The 1974 Niue Constitution, as amended in 2007, does not enshrine the right to education but mandates the Cabinet to provide education opportunities to all through a system of public schools (Art. 61.2). In line with the constitutional provisions, the 1989 Education Act establishes free (Art. 19) and compulsory (Art. 24) education for every child aged between 5 and 16. Special education is provided to ‘mentally and physically handicapped children’ (Art. 18.d). The parent is responsible for enrolling a child with physical or intellectual disabilities in special schools, suitable to cater for their needs (Art. 27.1); learners unable to attend regular education are recommended to be enrolled in special schools, classes or institutions by the school director (Art. 27.2).
The 2003–10 draft national education plan established a Department of Education under the control of the Minister of Education ‘whose duty is to administer the Education Act, promote education, control, administer and maintain all established Government schools and, exercise supervisory and other functions in relation to private schools ...’.
The school system consists of one primary and one secondary institution whose curricula are based on the New Zealand school curricula. Students in primary and secondary levels of education do not pay tuition fees and transport to and from school is provided by the government free of charge. School equipment is also ensured by the state, along with financial support for the education of every permanent resident child of the country.
Concerning school organizations, Articles 28 and 29 of the Education Act establish the conditions for enrolment and exemption from attendance.
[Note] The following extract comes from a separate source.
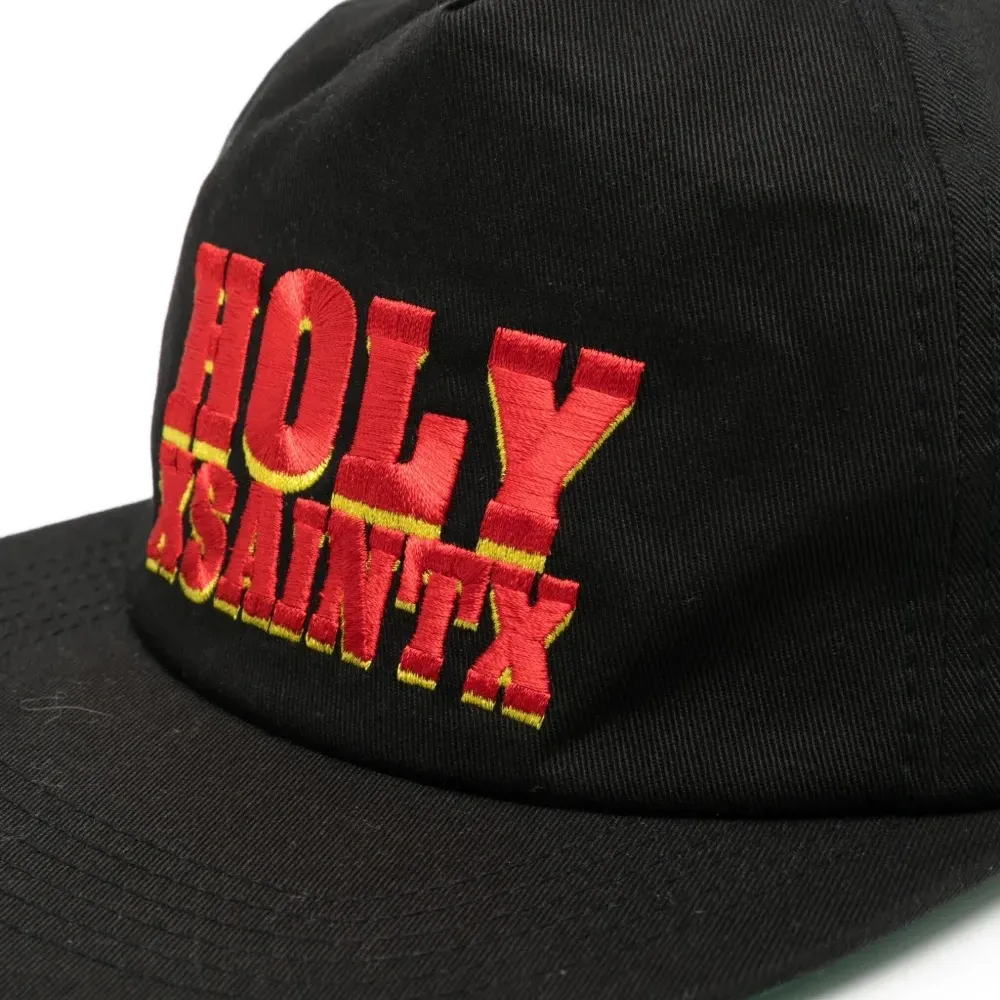 Кепка с вышитым логотипом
The latter in particular suggests that ‘No certificate of exemption from attendance shall be granted under this section except upon the ground – (a) That the child is unable to attend school by reason of sickness, danger of infection, infirmity, severe stress of weather, sudden and serious illness of a parent or other sufficient cause; or (b) That the road by which the child has to travel to school is not sufficiently passable’.
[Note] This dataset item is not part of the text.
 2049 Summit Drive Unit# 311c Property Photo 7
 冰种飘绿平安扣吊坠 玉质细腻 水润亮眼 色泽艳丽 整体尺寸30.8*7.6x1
To promote youth development, the 2009–13 National Youth Policy sought collaborative actions among different actors, involving non-government organizations, churches, communities and private sector organizations in service provision. To provide a quality and relevant education, the 2005–10 education strategic plan sought to promote ‘equitable outcomes for all’, regardless of ethnicity, ability or disability and gender of learners.
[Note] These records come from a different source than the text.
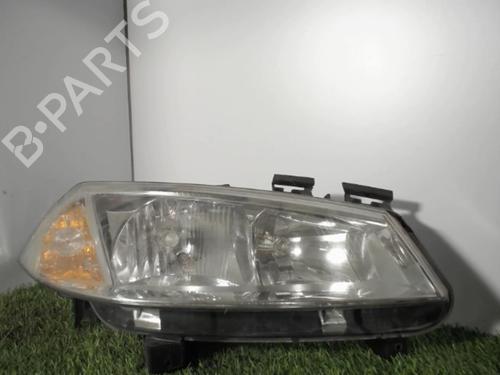 Used Right headlight RENAULT MEGANE II (BM0/1_, CM0/1_) 1.9 dCi (BM0G, CM0G) (120 hp) 21853108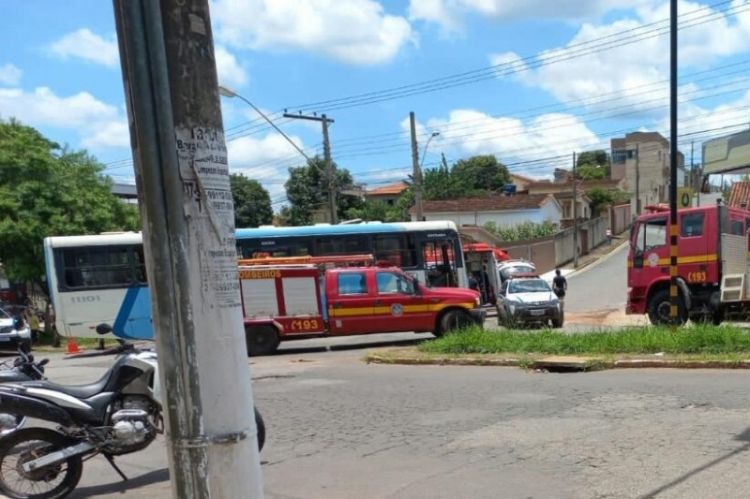 Mulher fica ferida após se envolver com sua moto em um acidente com ônibus na avenida Ronaldo de Castro Alves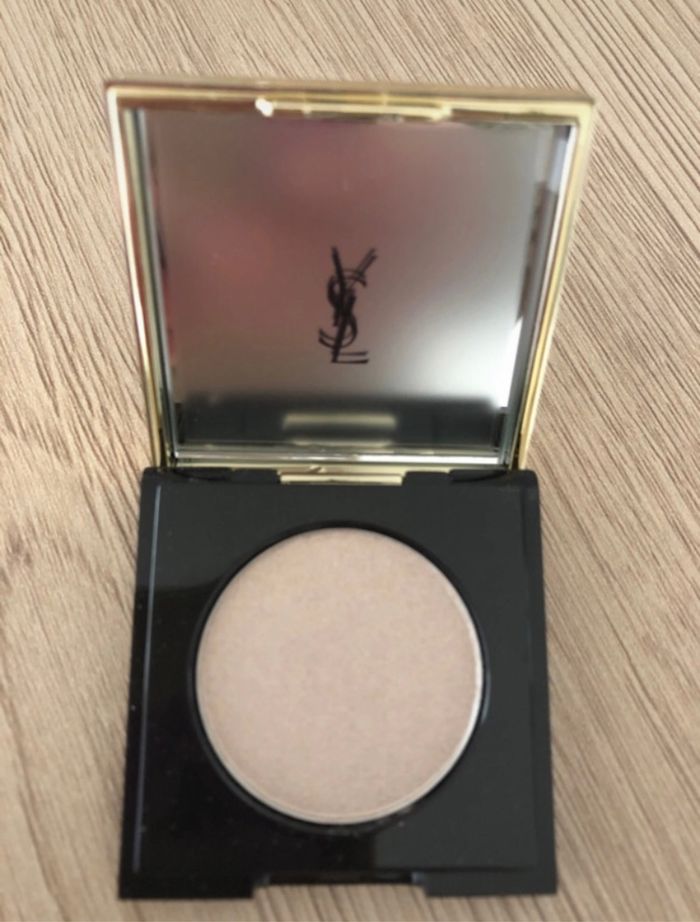 Fard à , paupières brillant, Yves Saint-Laurent - photo numéro 4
In 2011, the Department of Community Affairs adopted a National Disability Policy to promote and protect the rights and interests of persons with disabilities. While children with disabilities are financially supported by the Department of Community Affairs, assistance through teachers at school has not always been ensured due to teacher shortages.
Concerning ethnicity and languages, the local language, Niuean, is the medium of instruction until year 4, then taught as a language subject and substituted by English. In 1998 a language commission was established to edit all Niuean-language reading resources and to consider and approve all Niuean printed material for the schools and general public use. Racial equality is regulated and guaranteed by 1972 Race Relations Act to comply with the provisions of the International Convention on the Elimination of All Forms of Racial Discrimination. Discrimination is prohibited on grounds of colour, race, or ethnic and national origins.